◆ **Exercise objective**
Below are records to return verbatim; the pictures are to be dropped.

···

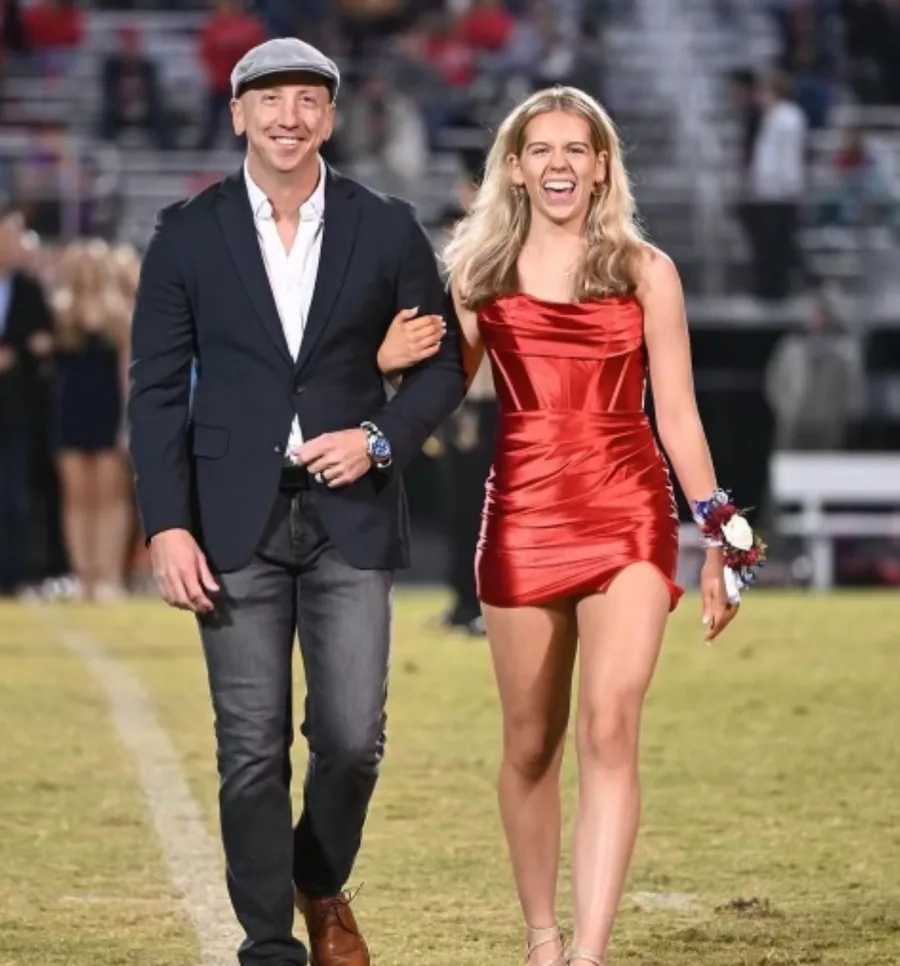 Brad Shortridge, smiling in a flat cap and blazer, walking arm in arm with his daughter across a football field.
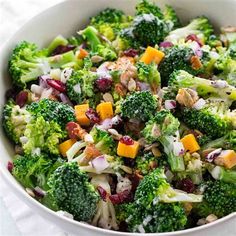 a bowl filled with broccoli, cranberries and other vegetables on top of a white cloth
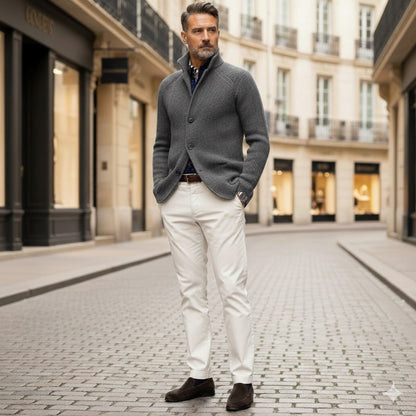 Elegant man in gray Alfredo Gentleman Cardigan with cream pants, classic European street style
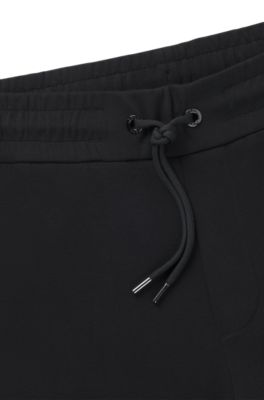 Stretch-cotton tracksuit bottoms with cuffed hems, Black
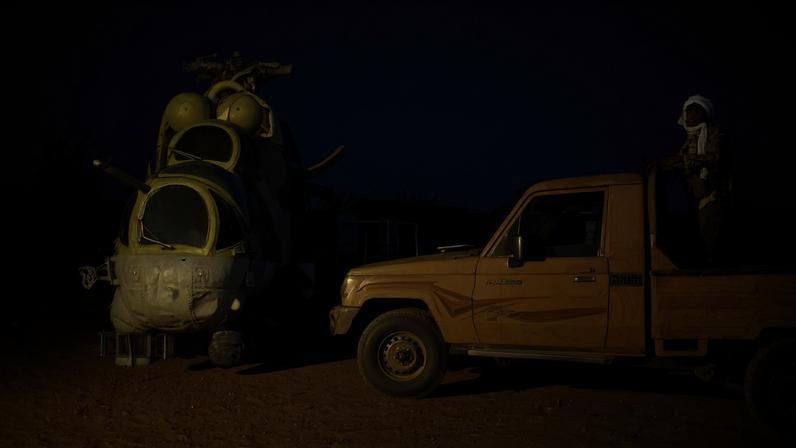An Azawad Liberation Front militant stands on a pickup truck next to a damaged Russian Mi-24 helicopter at the former Africa Corps barracks in Kidal, Mali, on May 6.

···

◆ **Written answer**
 Brad Shortridge, smiling in a flat cap and blazer, walking arm in arm with his daughter across a football field.
 a bowl filled with broccoli, cranberries and other vegetables on top of a white cloth
 Elegant man in gray Alfredo Gentleman Cardigan with cream pants, classic European street style
 Stretch-cotton tracksuit bottoms with cuffed hems, Black
An Azawad Liberation Front militant stands on a pickup truck next to a damaged Russian Mi-24 helicopter at the former Africa Corps barracks in Kidal, Mali, on May 6.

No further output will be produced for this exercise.